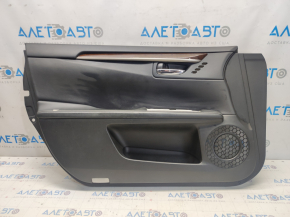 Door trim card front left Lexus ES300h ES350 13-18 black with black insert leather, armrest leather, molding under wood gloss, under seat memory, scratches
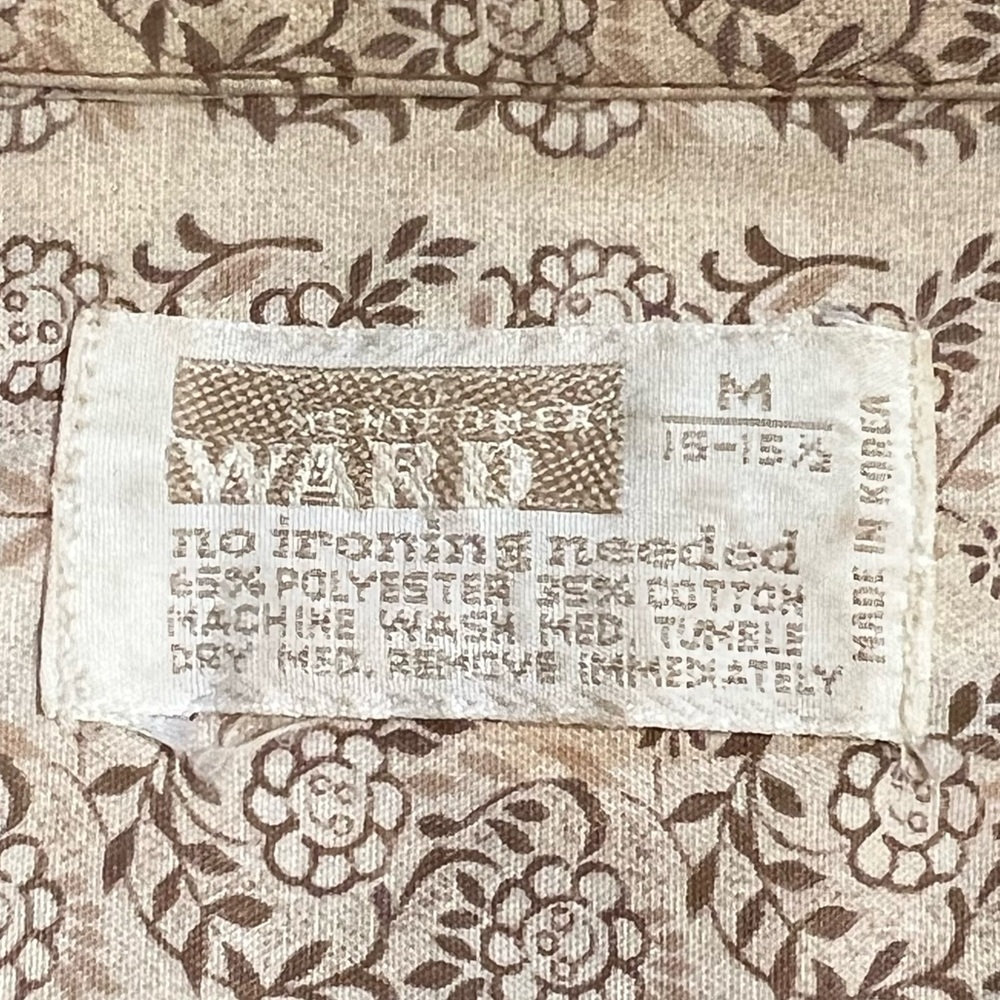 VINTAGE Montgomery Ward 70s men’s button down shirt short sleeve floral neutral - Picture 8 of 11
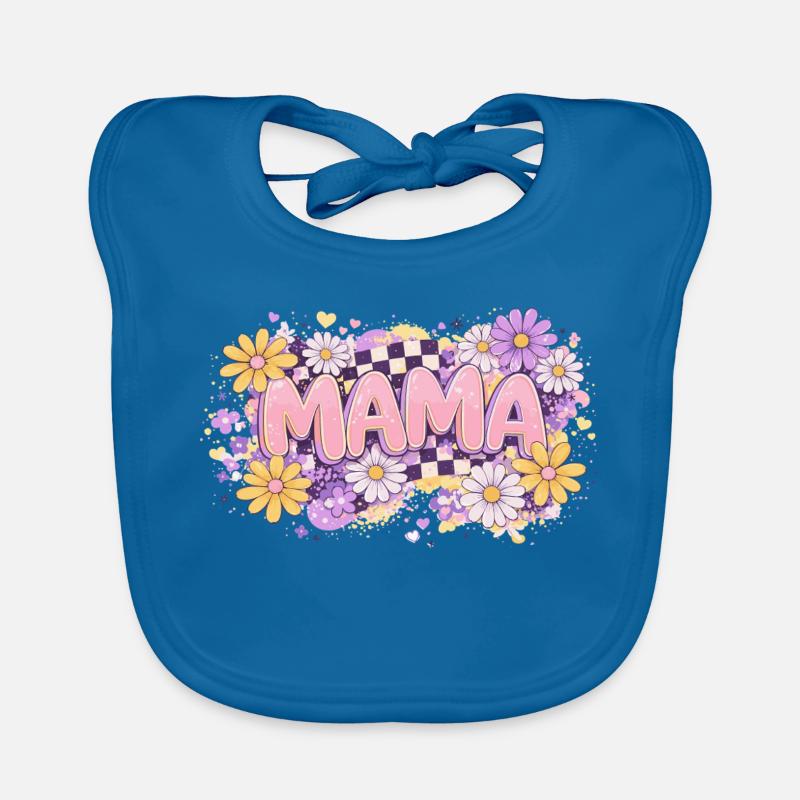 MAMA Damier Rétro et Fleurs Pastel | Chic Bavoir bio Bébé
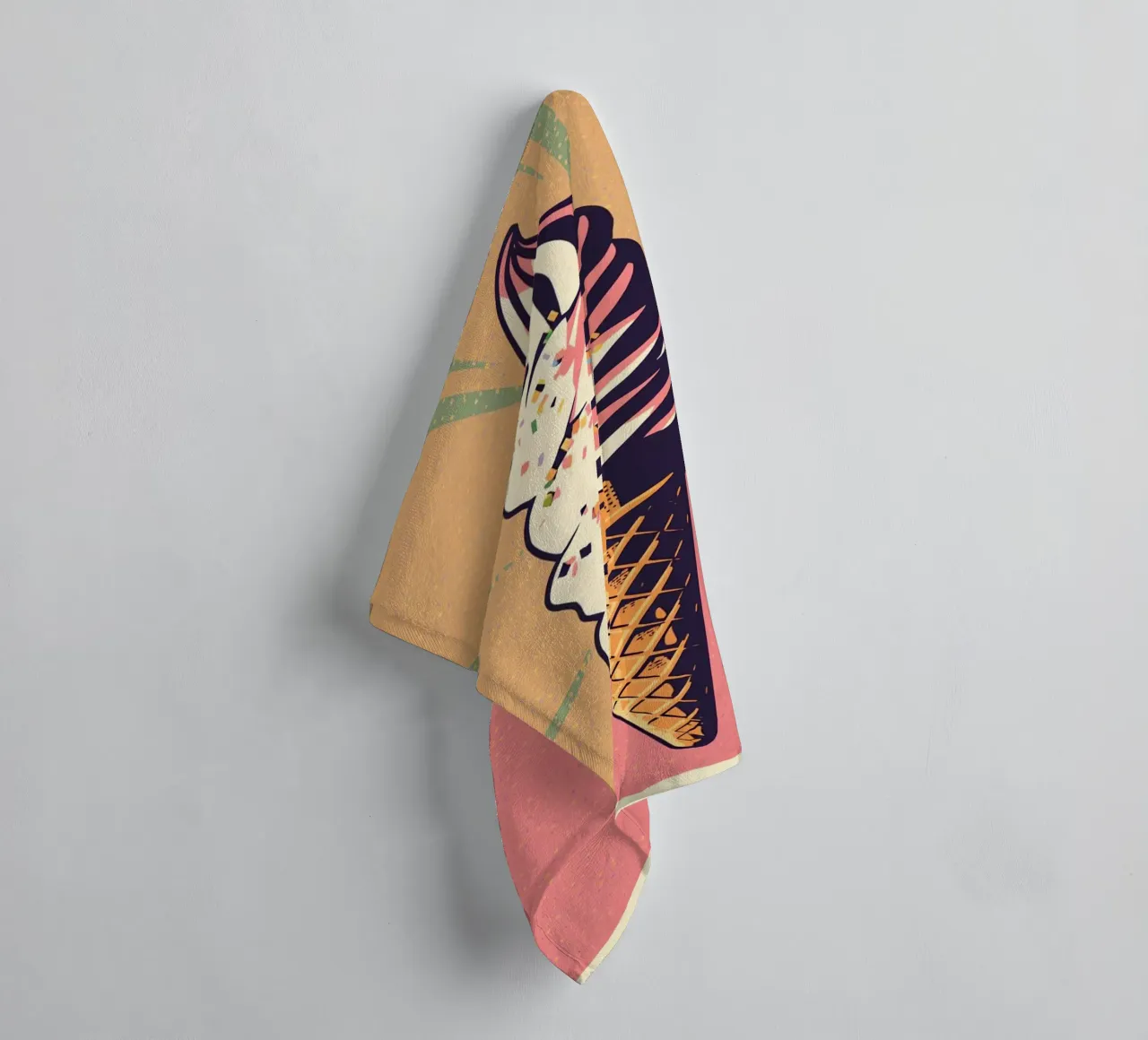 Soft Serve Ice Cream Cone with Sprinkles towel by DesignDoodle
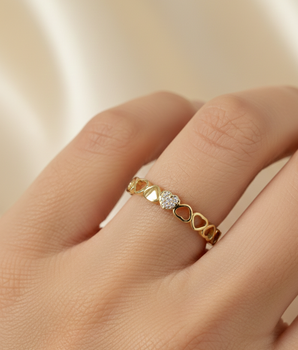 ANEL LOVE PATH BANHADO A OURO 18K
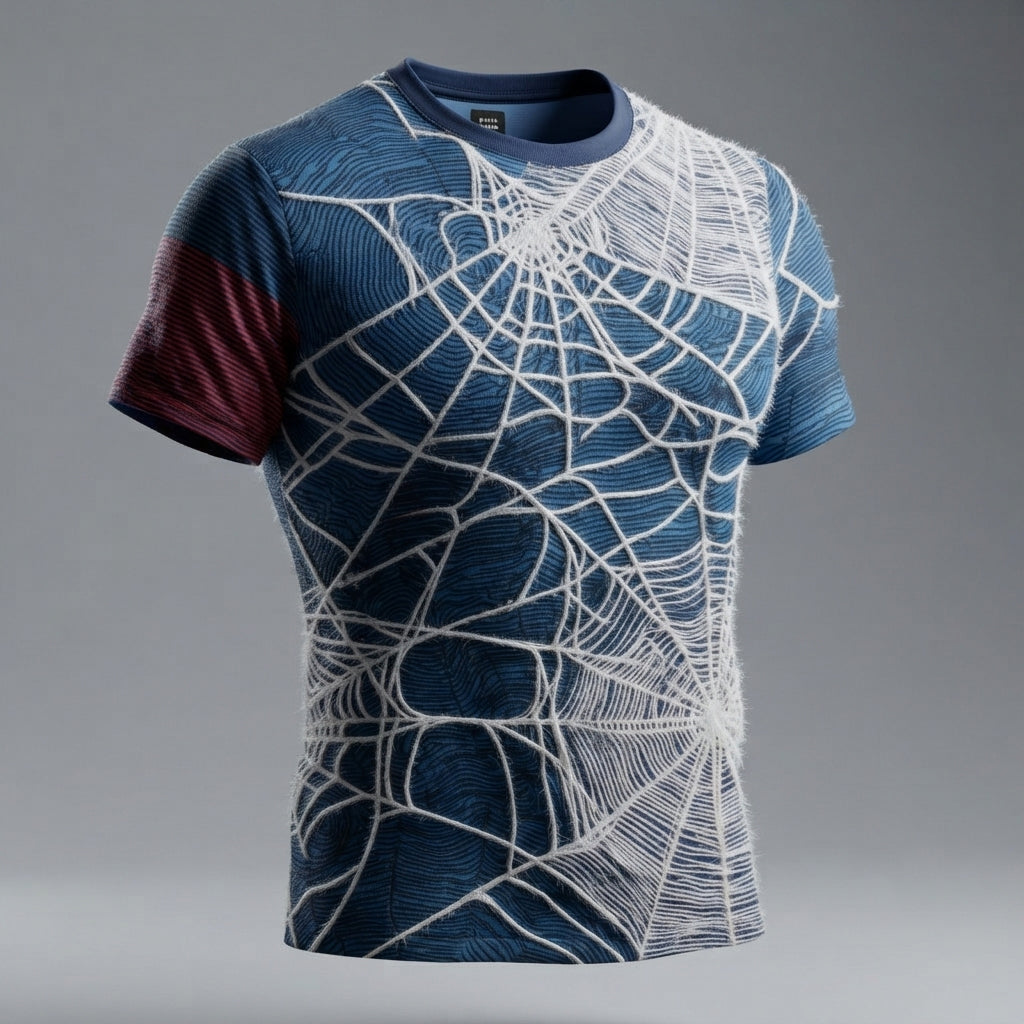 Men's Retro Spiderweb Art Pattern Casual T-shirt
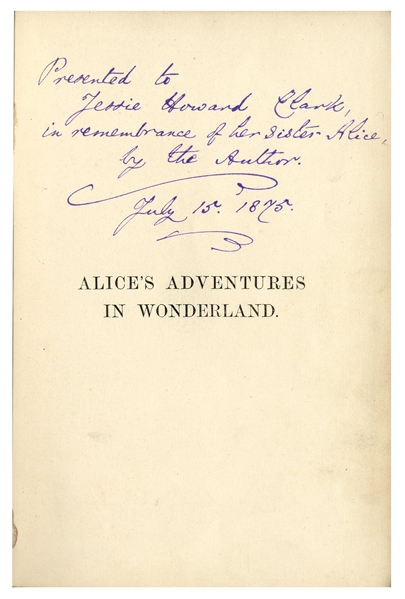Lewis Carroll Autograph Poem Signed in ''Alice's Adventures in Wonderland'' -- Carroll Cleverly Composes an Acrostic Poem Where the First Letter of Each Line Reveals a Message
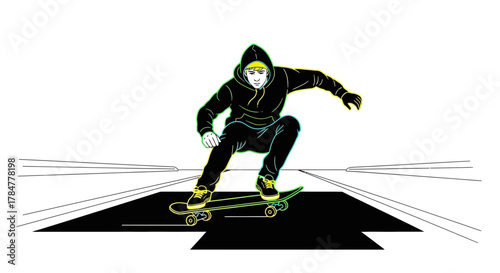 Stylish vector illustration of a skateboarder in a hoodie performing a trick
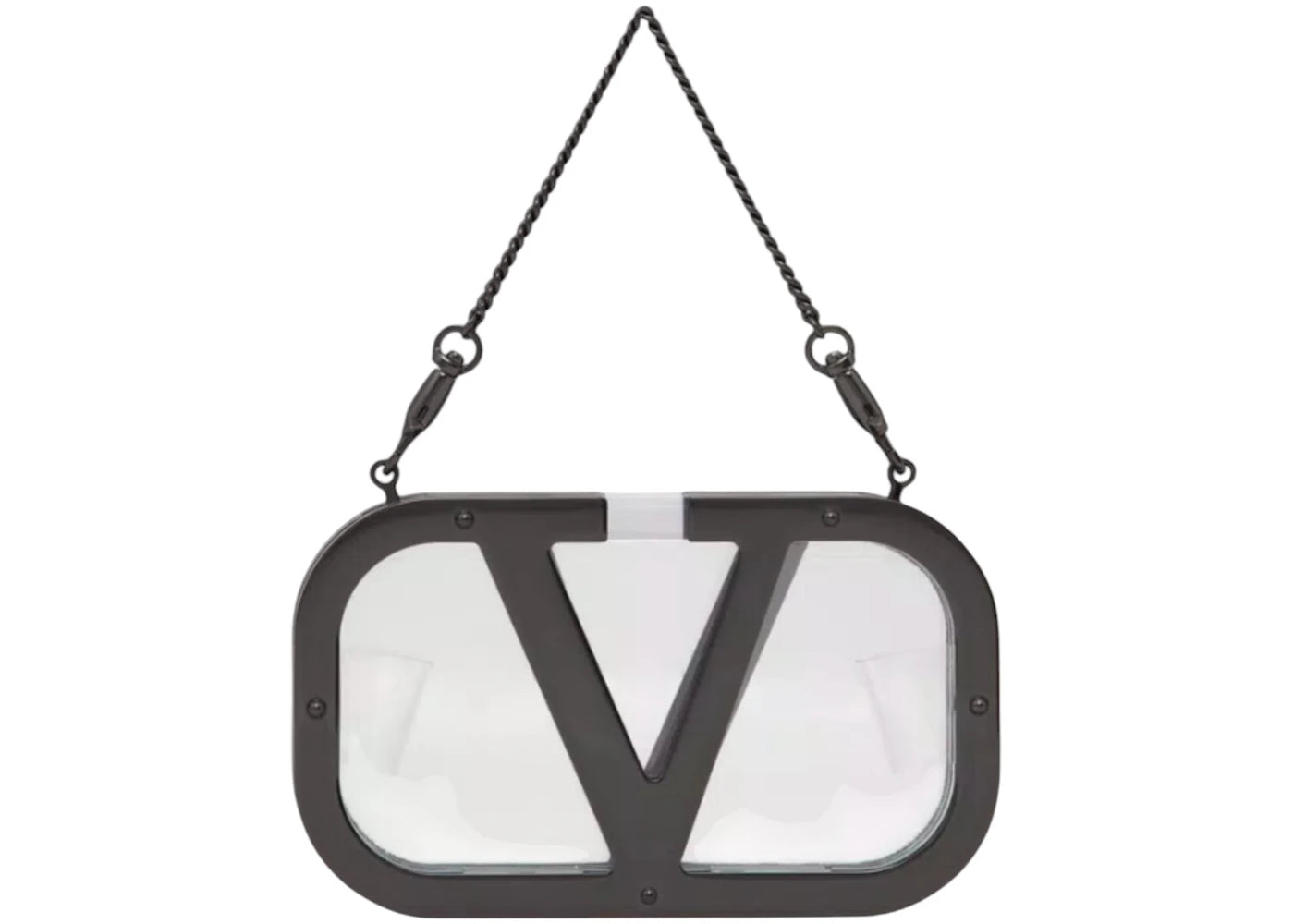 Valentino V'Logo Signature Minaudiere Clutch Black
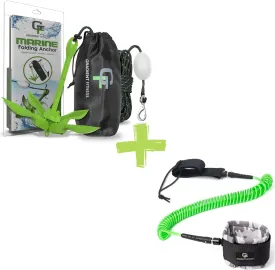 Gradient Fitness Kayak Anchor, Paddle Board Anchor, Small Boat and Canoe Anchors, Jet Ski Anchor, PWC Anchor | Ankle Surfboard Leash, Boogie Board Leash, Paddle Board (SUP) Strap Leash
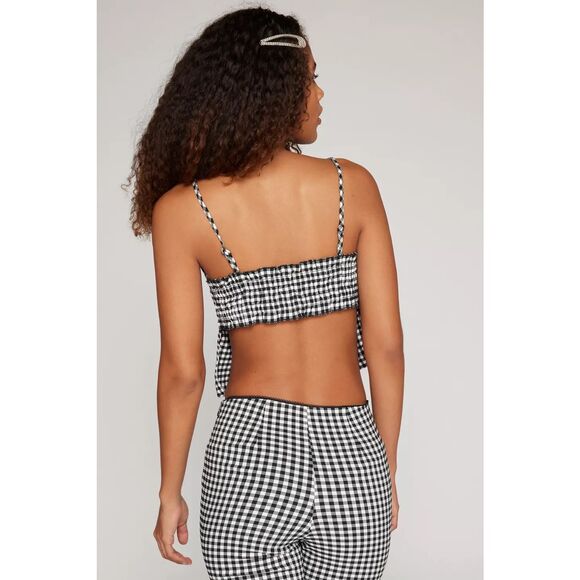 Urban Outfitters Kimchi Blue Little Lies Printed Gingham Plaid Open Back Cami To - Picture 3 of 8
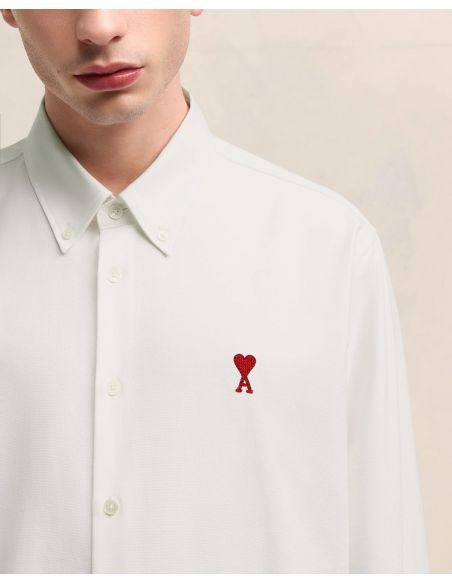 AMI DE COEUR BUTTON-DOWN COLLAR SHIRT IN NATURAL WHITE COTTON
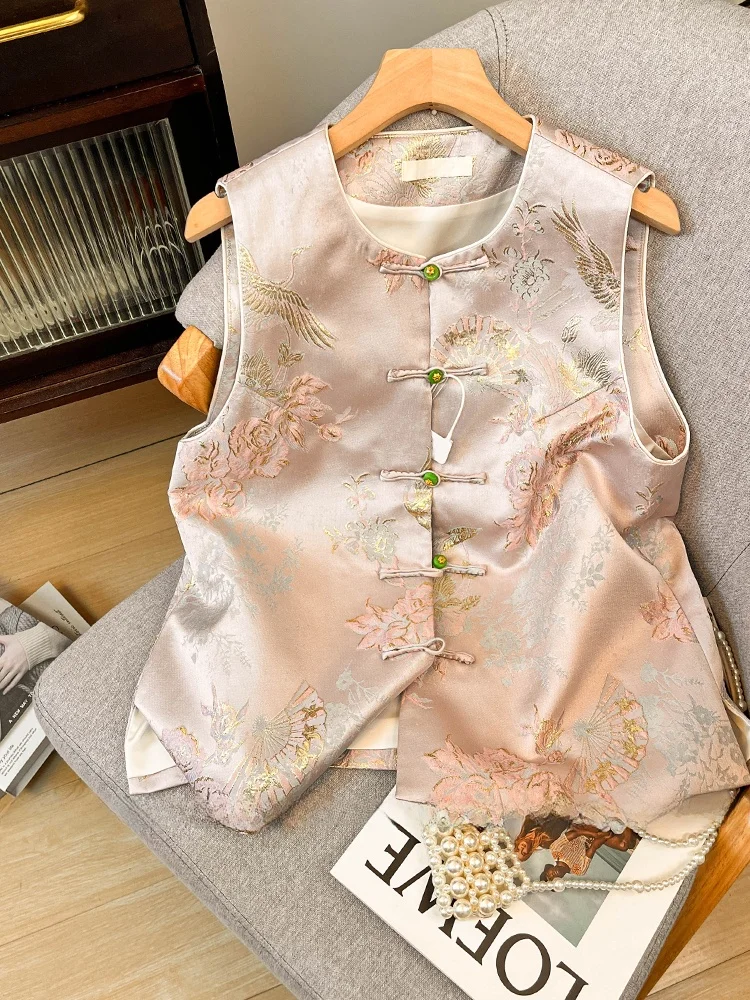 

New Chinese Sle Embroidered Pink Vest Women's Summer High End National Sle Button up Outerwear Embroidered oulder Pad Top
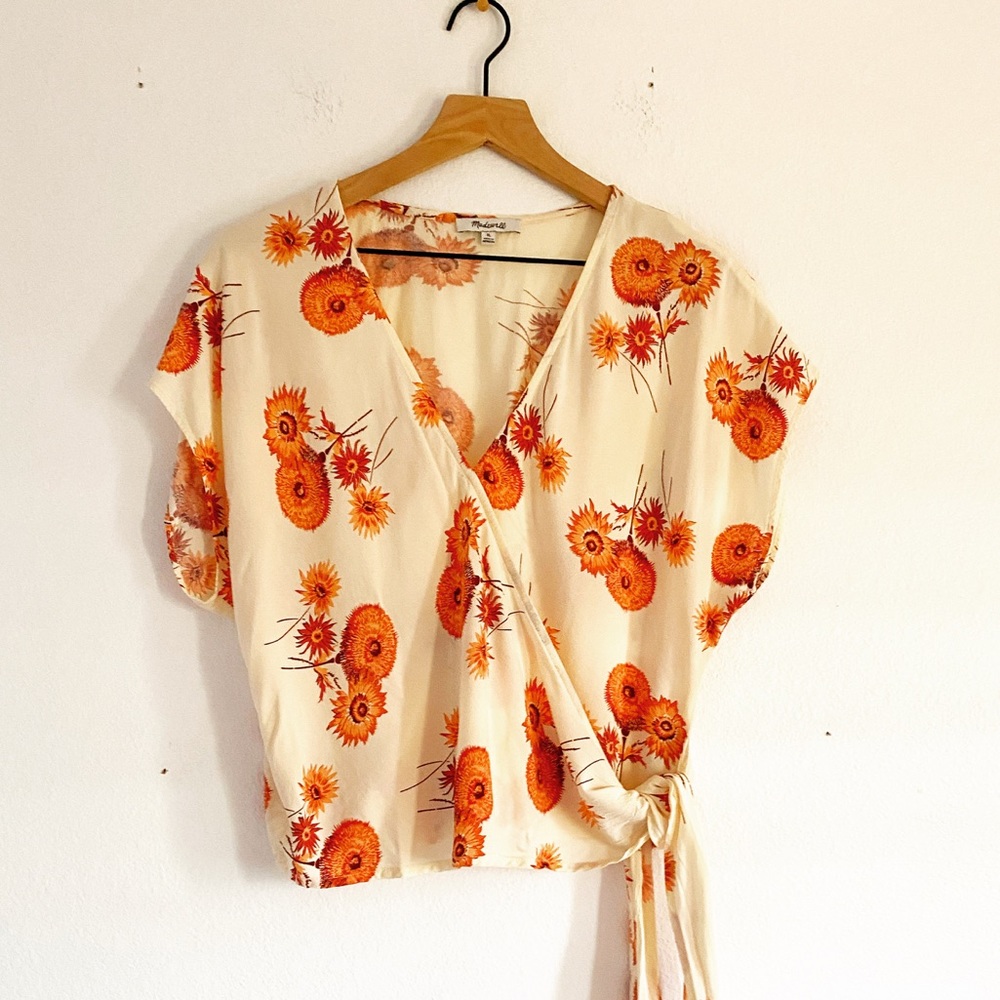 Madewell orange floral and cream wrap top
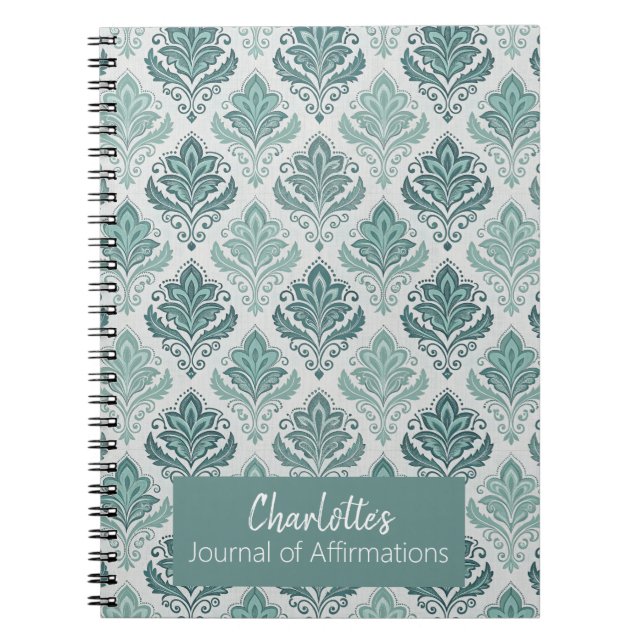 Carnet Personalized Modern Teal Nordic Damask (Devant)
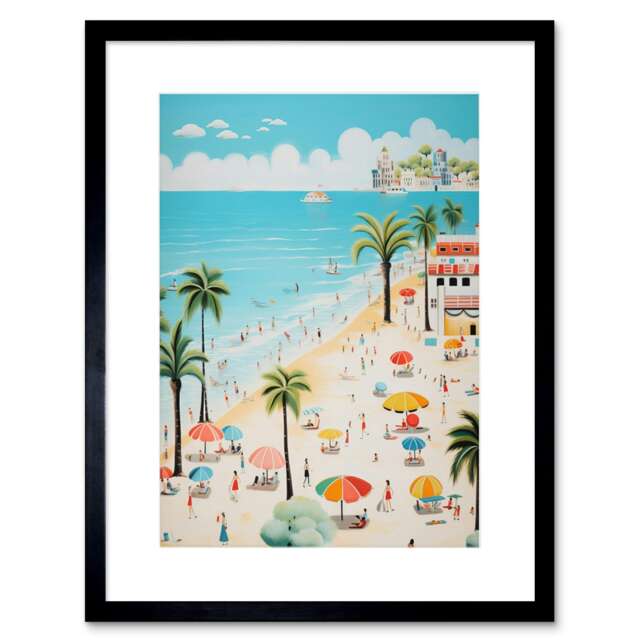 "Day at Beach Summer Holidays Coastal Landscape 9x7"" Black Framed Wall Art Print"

══════════

Omit the pictures and write out the lines above from the one with "Stylish vector illustration" through the last, unchanged.

 Stylish vector illustration of a skateboarder in a hoodie performing a trick
 Valentino V'Logo Signature Minaudiere Clutch Black
 Gradient Fitness Kayak Anchor, Paddle Board Anchor, Small Boat and Canoe Anchors, Jet Ski Anchor, PWC Anchor | Ankle Surfboard Leash, Boogie Board Leash, Paddle Board (SUP) Strap Leash
 Urban Outfitters Kimchi Blue Little Lies Printed Gingham Plaid Open Back Cami To - Picture 3 of 8
 AMI DE COEUR BUTTON-DOWN COLLAR SHIRT IN NATURAL WHITE COTTON

New Chinese Sle Embroidered Pink Vest Women's Summer High End National Sle Button up Outerwear Embroidered oulder Pad Top
 Madewell orange floral and cream wrap top
 Carnet Personalized Modern Teal Nordic Damask (Devant)
 "Day at Beach Summer Holidays Coastal Landscape 9x7"" Black Framed Wall Art Print"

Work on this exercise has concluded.